De ses débuts comme assistant-réalisateur jusqu'à son dernier film, ce documentaire retrace toute la carrière cinéma de Sautet, raconté généralement par la voix-off de celui-ci ainsi que quelques intervenants, souvent ceux qui ont directement collaboré avec lui. Mis en scène sous une forme assez classique et chronologique, il n'aborde pas forcément tous les points en profondeur, se contentant parfois d'évoquer vaguement quelques pistes mais se révèle tout de même passionnant, surtout lorsque, comme moi, on est un amoureux du cinéma de Sautet, de sa vision de la vie, de l'humain et de ses acteurs.

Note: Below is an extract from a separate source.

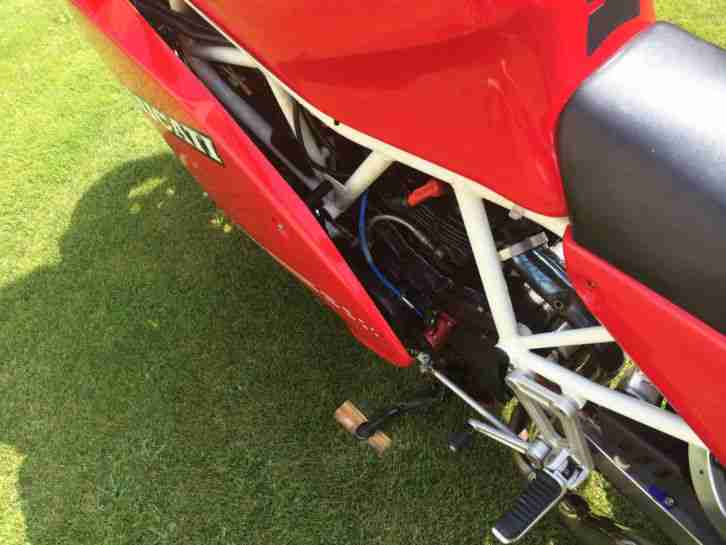 Ducati SS 900 Supersport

Il n'évoque que très rarement la vie privée de Sautet si ce n'est qu'il était un grand connaisseur de musique, un homme de gauche mais conscient des limites de l'engagement et fumeur, préférant s'intéresser à son cinéma, ses rencontres, tournants ou encore acteurs. On n'y découvre alors plusieurs moments importants, comme lorsque Lino Ventura demanda à Becker un réalisateur pour Classe tous risques, sa période comme assistant, notamment avec Franju pour Les yeux sans visage, lorsqu'il s'est rendu compte avec Garçon! du changement à opérer dans son cinéma ou encore ses rencontres avec certains acteurs, notamment Michel Piccoli, Romy Schneider, Patrick Dewaere ou Yves Montand. Des acteurs avec qui il aura une relation particulière, étudiant via leur prisme la nature humaine, pour mieux montrer leurs vulnérabilités et par conséquent, celui des personnages interprétés, notamment Montand souvent dans des rôles de machos sûr de lui et maladroit ou Dewaere, dans un personnage proche de celui de Sautet.

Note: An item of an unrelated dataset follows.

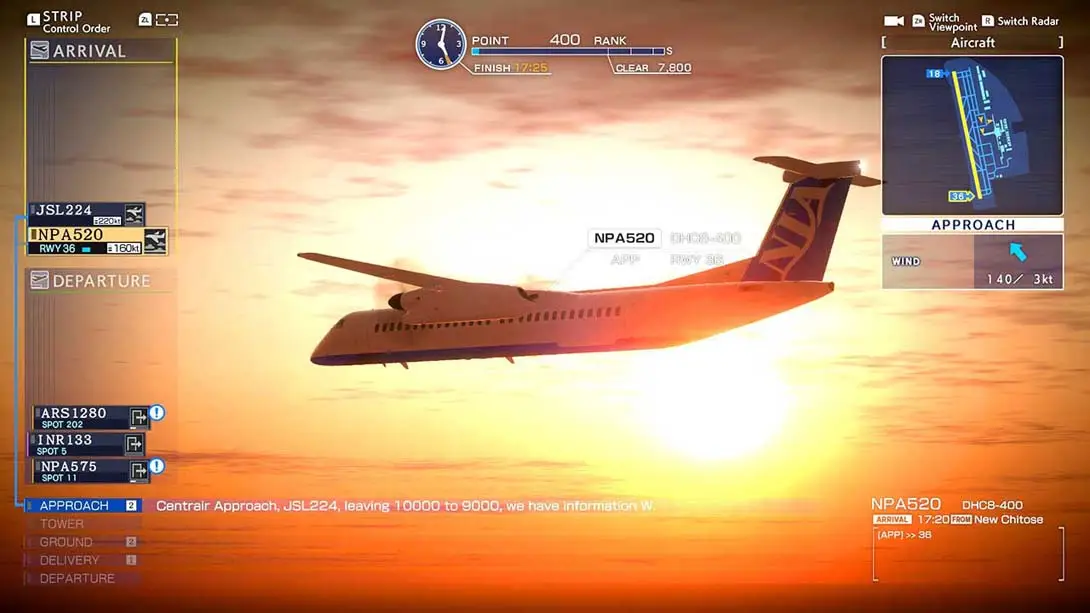 图片[2]-【美版】我是航空管制官 机场英雄 中部国际机场20周年纪念版 .I am an Air Traffic Controller AIRPORT HERO Centrair-游糖YoTeb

L'aspect intéressant vient aussi de la vision qu'à Sautet de ses propres films, préférant Max et les Ferrailleurs et Quelques jours avec moi, mais aussi ses méthodes, notamment ses rapports avec les scénaristes et sa façon de s'intéresser aux gestes ou regards parfois plus qu'aux mots. On y découvre un Sautet en opposition avec le cinéma classique français et surtout hollywoodien mais aussi des éléments parfois surprenant comme sa critique du stalinisme dans Max et les Ferrailleurs. L'une des forces de ce documentaire se trouve aussi dans sa mélancolie et les souvenirs partagés par Sautet, notamment lorsqu'il évoque une scène de Vincent, François, Paul et les autres, celle où Piccoli dit à Montand "Ta gueule toi", avec les réactions des deux acteurs juste après la coupure caméra.
Difficile d'avoir un jugement juste sur ce documentaire qui n'aborde jamais vraiment en profondeur le cinéaste et ses méthodes, mais il n'est pas bien difficile de le trouver passionnant et d'y partager une certaine mélancolie lorsque Sautet, alors en toute fin de vie, raconte lui-même certains souvenirs ou anecdotes.